The "optimal" level of effectiveness standards is where these two effects balance out—where raising standards further would lose us more in resources than we'd gain in effectiveness. I really do not know where we are on this curve. I would love to get some insight or to find time to flesh it out!
To sum up the question, with more precisely defined terms and more data, we may confirm the validity of the relation and in an ideal world we would dedicate some resources to find out a definitive answer for whether is positive or not for different parts of the EA ecosystem. 🙂
The "optimal" level of effectiveness standards is where these two effects balance out—where raising standards further would lose us more in resources than we'd gain in effectiveness. I really do not know, I would love to get some insight or to find time to flesh it out!

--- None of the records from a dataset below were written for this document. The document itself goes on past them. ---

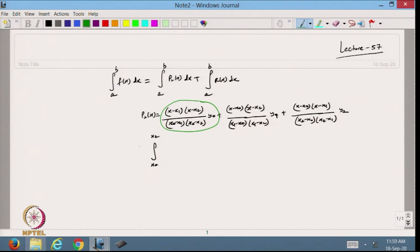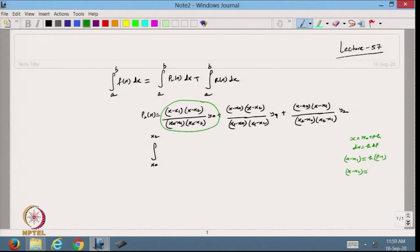We started this factor with the substitution x = x0 + ph, so dx = h dp. Then x minus x1 can be written as h(p minus 1), and x minus x2 can be written as h(p minus 2). This transformation was done in the previous lecture.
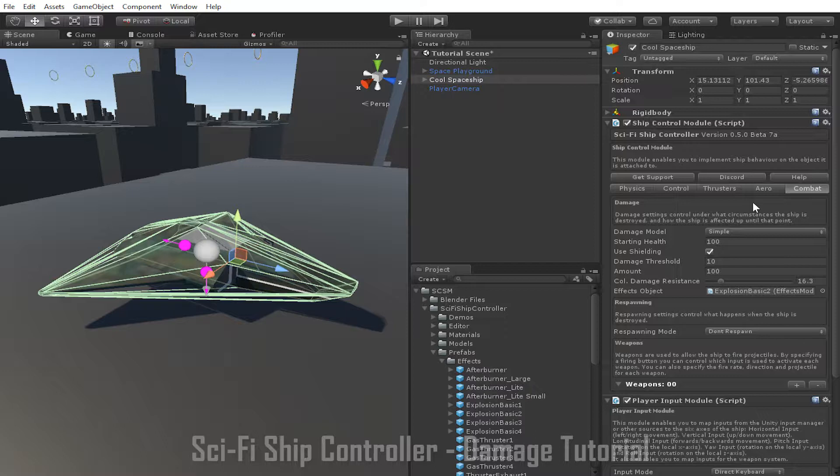Often you'll want the ship to respawn after it is destroyed, and you can control how this happens using the respawning mode setting here. There are four different modes. Don't respawn is the simplest setting. When the ship is destroyed, the ship game object will also be destroyed and won't be recreated.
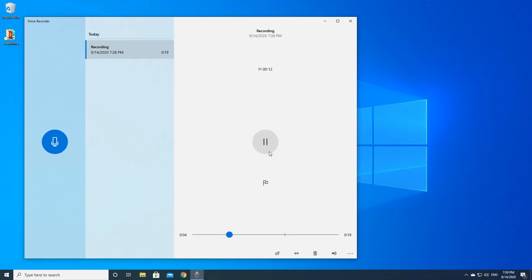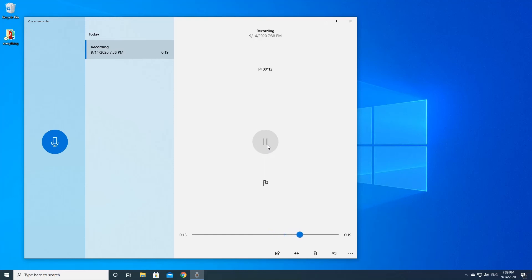The playback of the recording: This is a test of Voice Recording. Now continue the test and we add a marker. Now I will stop Voice Recording.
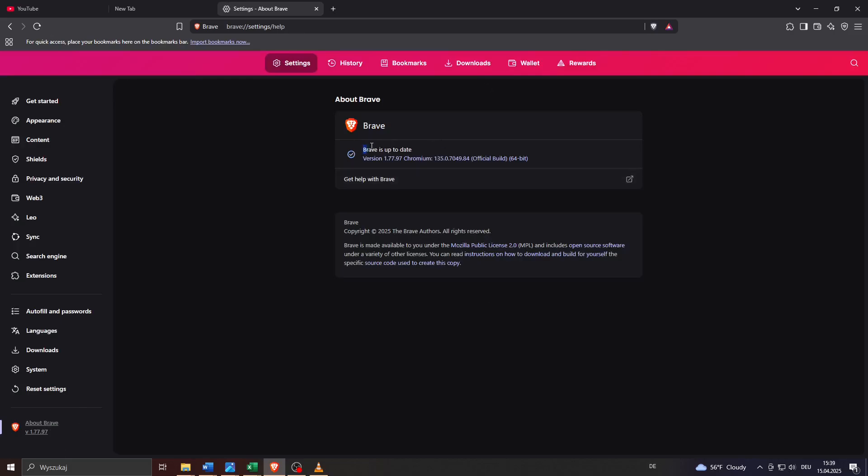After a brief moment, Brave will automatically check if the version that is installed on your device is the most recently released version and if everything is up to date, which is as you can see the case for my browser.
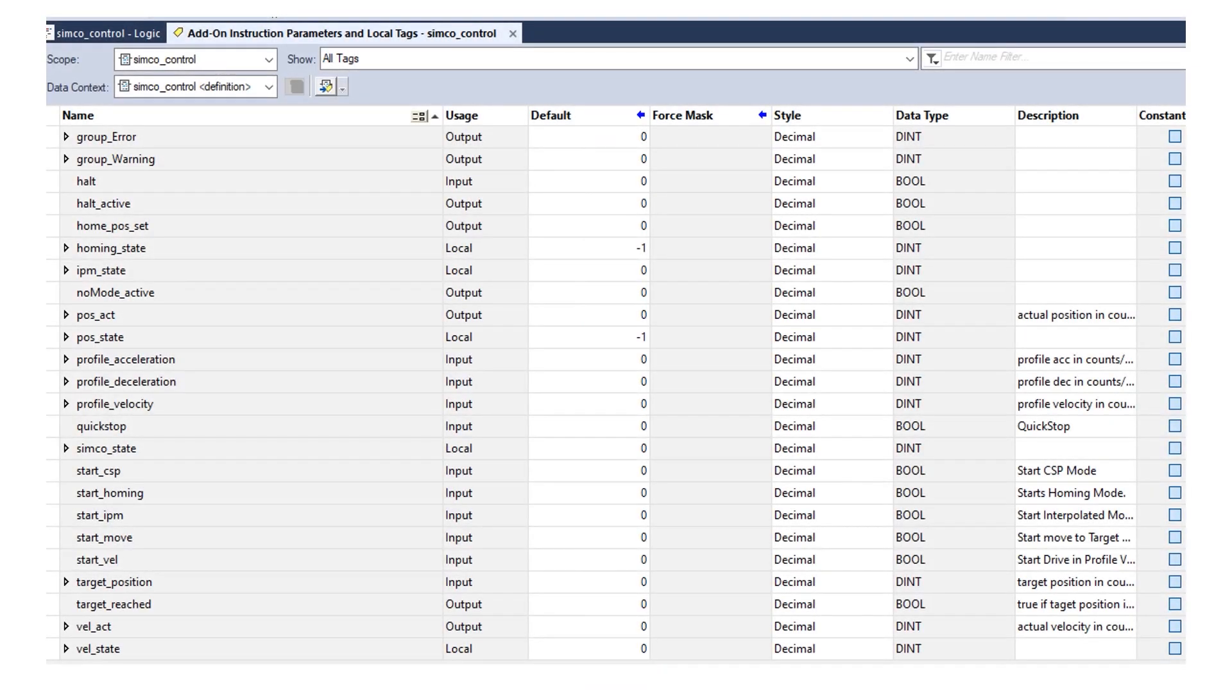Wittenstein also has a set of add-on instructions for the Rockwell Logix controllers. Here's a screenshot of some of the typical motion tags you would see related to motion instructions, homing, and start-stop, for instance.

Solal 🔸 @ 2025-07-01T13:54 (+5)
A few minutes after hitting publish, I stumbled on that post from 2022, which tackles approximately the same issues, line of thoughts, and arguments.
https://forum.effectivealtruism.org/posts/udsATFrQtc34iKs2c/doing-more-good-vs-doing-the-most-good-possible
Let's say that mine is simply a re-release!
ethai @ 2025-07-01T17:58 (+2)
I think people should keep re-releasing this idea because this community dynamic very much still exists! I've also seen extremely smart and motivated friends engage with and then "bounce off" EA because of this.